1. Hukuk Dairesi 2018/33 E. , 2019/901 K.
"İçtihat Metni"MAHKEMESİ :ASLİYE HUKUK MAHKEMESİ
DAVA TÜRÜ : TAPU İPTALİ VE TESCİL
Taraflar arasında görülen tapu iptali ve tescil davası sonunda, yerel mahkemece davanın reddine ilişkin olarak verilen karar davacılar vekili ve asli müdahil vekili tarafından yasal süre içerisinde duruşma istekli temyiz edilmiş olmakla, duruşma günü olarak saptanan 12.02.2019 Salı günü için yapılan tebligat üzerine temyiz eden davacı ... vekili Avukat ... ile temyiz edilen asıl davalı ... geldiler, davetiye tebliğine rağmen temyiz eden davacılar ... vd. vekili Avukat, asli müdahil davacı ... vekili Avukat ve temyiz edilen davalılar ... vd. vekili Avukat, davalı ... vekili Avukat, davalı ..., davalı ..., davalı ... ..., davalı ..., davalı ..., davalı ..., davalı ..., davalı ... ı, davalı ..., davalı ..., davalı ..., davalı ..., davalı ..., davalı ..., davalı ..., davalı ......r, davalı ..., davalı ..., davalı ..., davalı ... gelmediler, yokluklarında duruşmaya başlandı, süresinde verildiği ve kayıt olunduğu anlaşılan temyiz dilekçesinin kabulüne karar verildikten sonra gelen vekilin ve asilin sözlü açıklamaları dinlendi, duruşmanın bittiği bildirildi, iş karara bırakıldı. Bilahare Tetkik Hakimi ... tarafından düzenlenen rapor okundu, düşüncesi alındı. Dosya incelenerek gereği görüşülüp düşünüldü:
-KARAR-
Dava, yolsuz tescil hukuksal nedenine dayalı tapu iptali ve tescil istemine ilişkindir.
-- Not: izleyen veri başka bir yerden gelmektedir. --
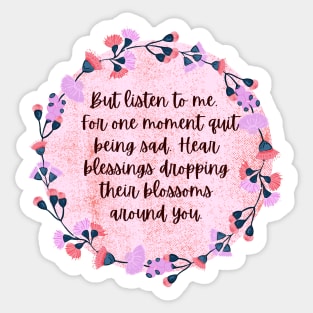 Blessings Blossoms- Aesthetic Rumi Quote Sticker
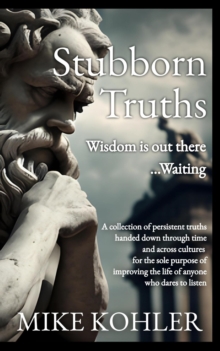 Stubborn Truths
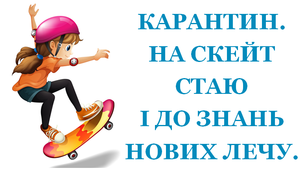 Презентація 3 «КАРАНТИН. НА СКЕЙТ СТАЮ І ДО ЗНАНЬ НОВИХ ЛЕЧУ»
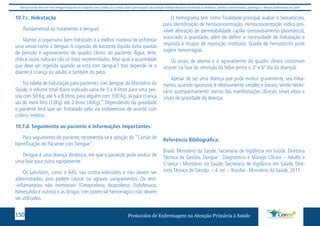 Este protocolo deve ser visto obrigatoriamente em conjunto com as linhas de cuidado onde é preconizado uma atenção multiprofissional envolvendo os dentistas, médicos, nutricionistas, psicólogos, e demais profissionais de saúde 
10.7.c. Hidratação 
(fundamental no tratamento à dengue) 
Manter o organismo bem hidratado é a melhor maneira de enfrentar 
uma virose como a dengue. A ingestão de bastante líquido evita quedas 
de pressão e agravamento do quadro clínico do paciente. Água, leite, 
chás e sucos naturais são os mais recomendados. Mas qual a quantidade 
que deve ser ingerida quando se está com dengue? Isso depende se o 
doente é criança ou adulto e também do peso. 
Na tabela de hidratação para pacientes com dengue, do Ministério da 
Saúde, o volume total diário indicado varia de 3 a 4 litros para uma pes-soa 
com 50 Kg, até 6 a 8 litros, para alguém com 100 Kg. Já para criança 
vai de meio litro (10Kg) até 2 litros (40Kg).” Dependendo da gravidade 
o paciente terá que ser hidratado pela via endovenosa de acordo com 
critério médico. 
10.7.d. Seguimento ao paciente e Informações Importantes: 
Para seguimento do paciente, recomenda-se a adoção do “Cartão de 
Identificação do Paciente com Dengue”. 
Dengue é uma doença dinâmica, em que o paciente pode evoluir de 
uma fase para outra rapidamente. 
Os salicilatos, como o AAS, são contra-indiciados e não devem ser 
administrados, pois podem causar ou agravar sangramentos. Os anti- 
-inflamatórios não hormonais (Cetoprofeno, Ibuprofeno, Diclofenaco, 
Nimesulida e outros) e as drogas com potencial hemorrágico não devem 
ser utilizados. 
O hemograma tem como finalidade principal avaliar o hematócrito, 
para identificação de hemoconcentração. Hemoconcentração indica pro-vável 
alteração de permeabilidade capilar (extravasamento plasmático), 
associado à gravidade, além de definir a necessidade de hidratação e 
resposta a terapia de reposição instituída. Queda de hematócrito pode 
sugerir hemorragias. 
Os sinais de alarme e o agravamento do quadro clínico costumam 
ocorrer na fase de remissão da febre (entre o 3º e 6º dia da doença). 
Apesar de ser uma doença que pode evoluir gravemente, seu trata-mento, 
quando oportuno, é relativamente simples e barato, sendo neces-sário 
acompanhamento atento das manifestações clínicas, sinais vitais e 
sinais de gravidade da doença. 
Referência Bibliográfica: 
Brasil. Ministério da Saúde. Secretaria de Vigilância em Saúde. Diretoria 
Técnica de Gestão. Dengue : Diagnóstico e Manejo Clínico – Adulto e 
Criança / Ministério da Saúde, Secretaria de Vigilância em Saúde, Dire-toria 
Técnica de Gestão. – 4. ed. – Brasília : Ministério da Saúde, 2011. 
Protocolos de Enfermagem n 150 a Atenção Primária à Saúde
Davacılar, 2383, 2384, 2385, 2386, 486 ve 494 parsel sayılı taşınmazların Teşrinievvel 1337 tarihli zabıt varakası gereğince ... adına tescil edildiğini ve adı geçenin de ... Sulh Hukuk Mahkemesinin 2010/612 Esas, 2010/905 Karar sayılı veraset ilamı gereğince mirasbırakanları olduğunu, ancak davalıların ... Sulh Hukuk Mahkemesinin 2007/1047 Esas ve 2007/1004 Karar sayılı veraset ilamı uyarınca taşınmazları adlarına intikal ettirdiklerini, anılan tescilin yolsuz olduğunu ileri sürerek tapu iptali ve tescile karar verilmesini istemişlerdir.
Asli Müdahil, dava konusu 494, 2383, 2384, 2385 ve 2386 parsel sayılı taşınmazların mirasbırakanları Mehmet Kök’e ait olduğunu ileri sürerek tapu iptali ve tescile karar verilmesini istemiştir.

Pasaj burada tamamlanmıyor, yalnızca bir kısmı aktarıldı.